THE PROBLEM:
Would you restate each line of the data below word for word, without its pictures?

Records from a data source:
════

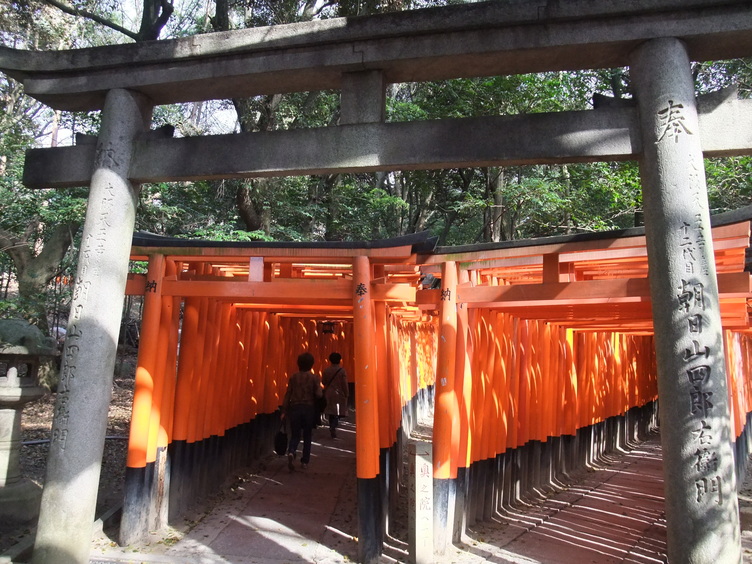 Torii Gates at Fushimi Inari-taisha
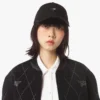 Essential Diamond Cap aus Baumwolltwill Essential Diamond Cap aus Baumwolltwill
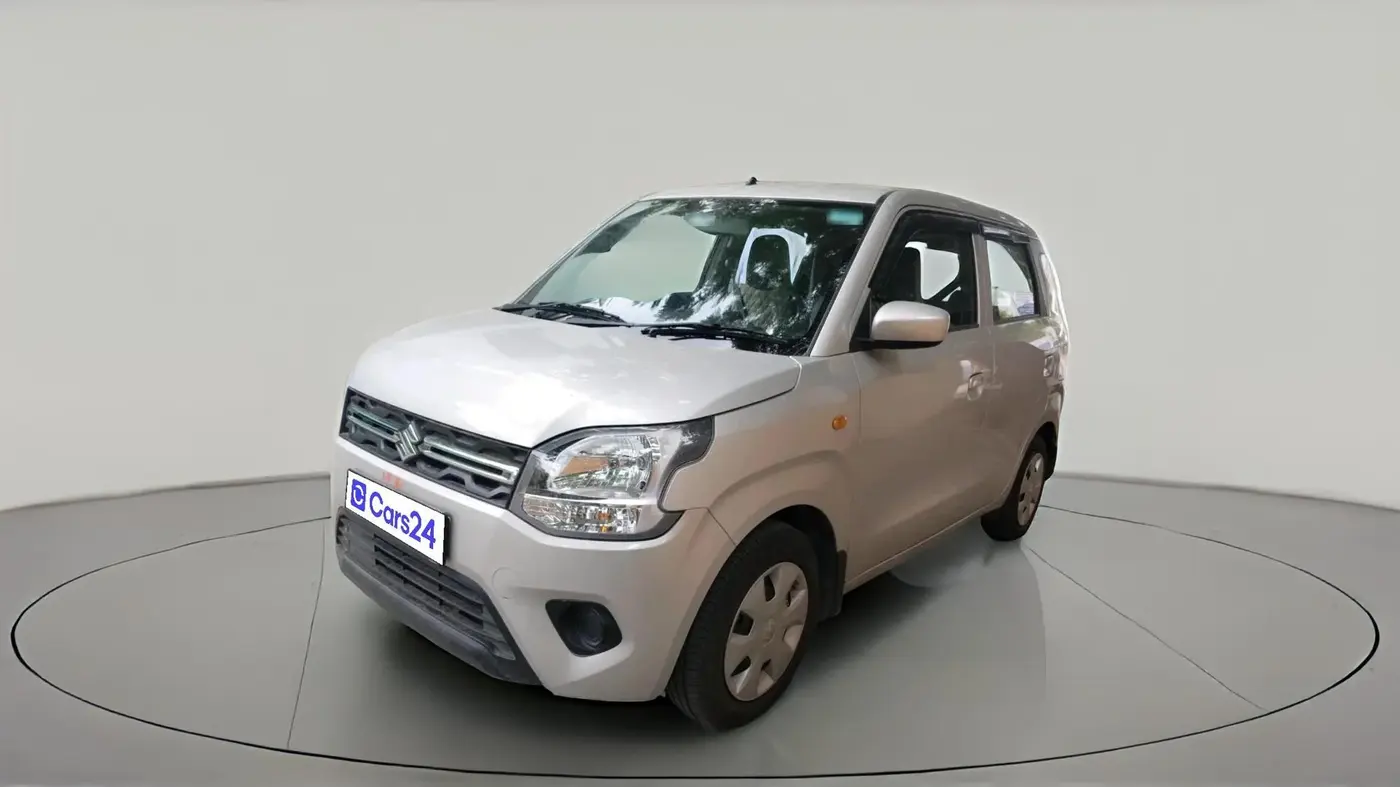 2025 Maruti New Wagon-R VXI 1.0, Petrol, Manual, 7,795 km, exterior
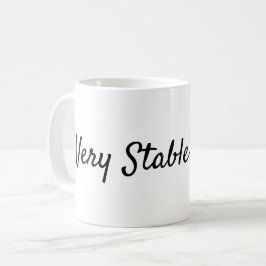 Mycket stabilt snille kaffemugg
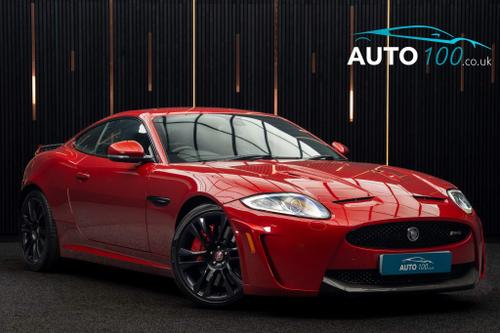 Used 2011 Jaguar XKR-S 5.0 V8 Auto Euro 5 2dr Red at Auto100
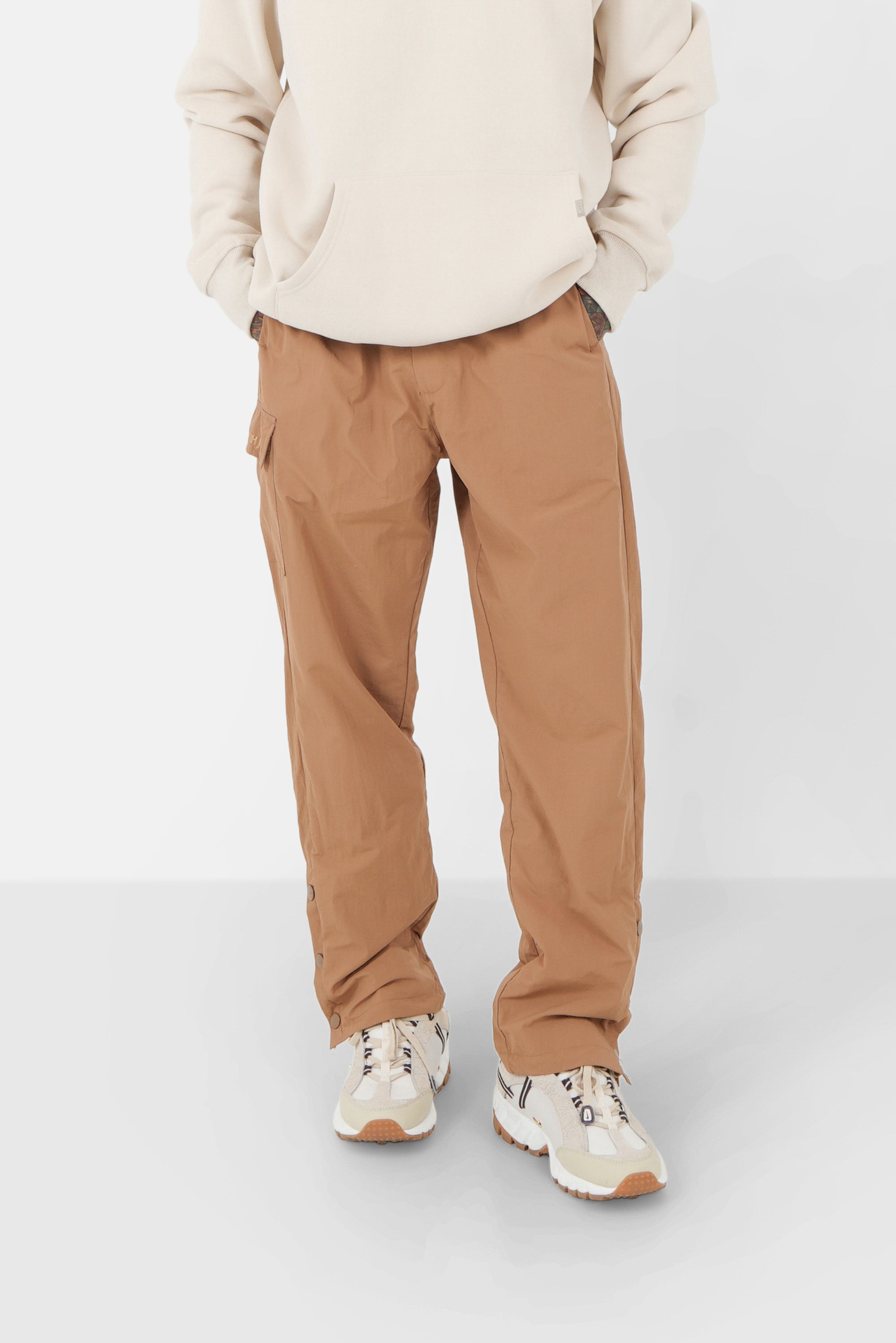 NYLON button cargo pant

════

FINISHED TASK:
 Torii Gates at Fushimi Inari-taisha
 Essential Diamond Cap aus Baumwolltwill Essential Diamond Cap aus Baumwolltwill
 2025 Maruti New Wagon-R VXI 1.0, Petrol, Manual, 7,795 km, exterior
 Mycket stabilt snille kaffemugg
 Used 2011 Jaguar XKR-S 5.0 V8 Auto Euro 5 2dr Red at Auto100
 NYLON button cargo pant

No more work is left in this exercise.